Many early Muslim reformists were clerics or senior bureaucrats, who had seen first hand how diminished their societies had become. More importantly, they were members of a tiny minority that had been educated in the written heritage of Islam. Far beyond Koranic recitation, these men aspired to participate in the centuries-long discussions among Muslim scholars about the proper ordering of Muslim life. This training enabled them to compare the debased state of affairs of their time with the norms and aspirations of earlier generations of clerics and thinkers.
Their judgment was clear: Muslims had sunk far below what their religion required them to be, and lagged far behind the accomplishments of their ancestors. For the reformers, normality meant the progressive development of Muslim societies, and they tied this to the interaction of Islamic teaching with relevant, worldly ideas of the time. So these first reformers sought to engage with the ideas that they saw emerging from Europe: Rationality, tolerance and ethically determined behavior.
These early reformers, among them Muhammad Abduh and Jamaleddin al-Afghani, did not ignite the mass mobilization they hoped for, and were not able to redress social ills through better implementation of religious prescriptions. But their influence was powerful and lasting, and extended in directions that they could not have anticipated.
The paradox here is that the open-minded reformism they espoused helped stir conservative trends among Islamic thinkers, who seized on the reformists' revival of Islamic norms to urge a return to the "purity" of the first Islamic societies. This conservative trend did not follow-up on the reformists' engagement with the modern ideas of the European Enlightenment, arguing instead that these represented a further estrangement from authentic Islamic values.
Thus, the most lasting effect of the first reformist wave was the establishment of a salafi (traditionalist) trend and eventually the emergence of an even more radical fundamentalism. Both conservative traditionalists and radical fundamentalists were drawn to political activism and came to regard the modern state as a means to liberate Muslims from foreign domination and to re-Islamicize society through a revival of Islam's original norms.
Today, we can see the force of this ideology, but it would be a mistake to assume that the spirit of the original Muslim reformists has vanished. Out of the spotlight, countless Muslim scholars and academics have continued to probe the connections between Islamic thought and modern values. Drawing on critical scholarship in history and theology, they have detailed the ways in which Muslims have changed -- and continue to change -- their traditions, in different times and places.

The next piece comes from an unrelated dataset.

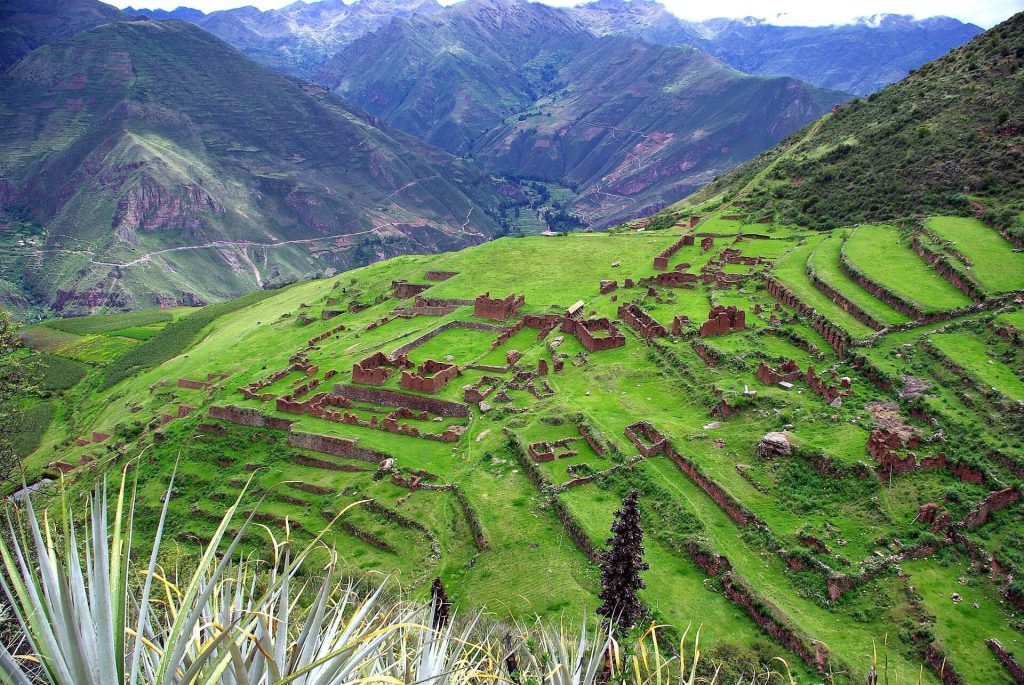 Huchuy Qosqo: An Inca Royal Estate in Peru 1 Huchuy Qosqo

Thus, a sharp, focused challenge to the assertions of religious orthodoxy has emerged in the work of such important thinkers as Abdolkarim Soroush (Iran), Abdelmajid Charfi (Tunisia), Fazlur Rahman (Pakistan), and Mahmud Muhammad Taha (Sudan). While their work encounters great resistance from traditionalist and fundamentalist circles (whose views are widely covered in mainstream Muslim and Western media), these contemporary reformers -- and the questions they have raised -- have had a big impact on a rising generation of Muslim intellectuals around the world.
Of course, listeners must strain to hear the voices of reformists amidst the din of those calling for resistance to the enemy and a return to the pure sources of Islam. However, the seeds of a new wave of "reform" have taken root, and await an early thaw to sprout.
The reformists of the first wave attempted to "reopen the doors of Ijtihad (religious interpretation)" in order to adapt the inherited systems of Islamic thinking to new conditions. Today's reformists are subjecting these traditional frameworks to scrutiny and attempting to separate the core ethical principles of Islam from the various historical adaptations that conservatives have enshrined as sacred.
Adapting Islam to modern conditions was the purpose of the first generation of reformers. By engaging fully with the main currents of modern thinking, their contemporary successors seek to better understand how universal principles can be expressed through Muslim tradition.
The writer is director of the Institute for the Study of Muslim Civilizations of Aga Khan University of Karachi, Pakistan.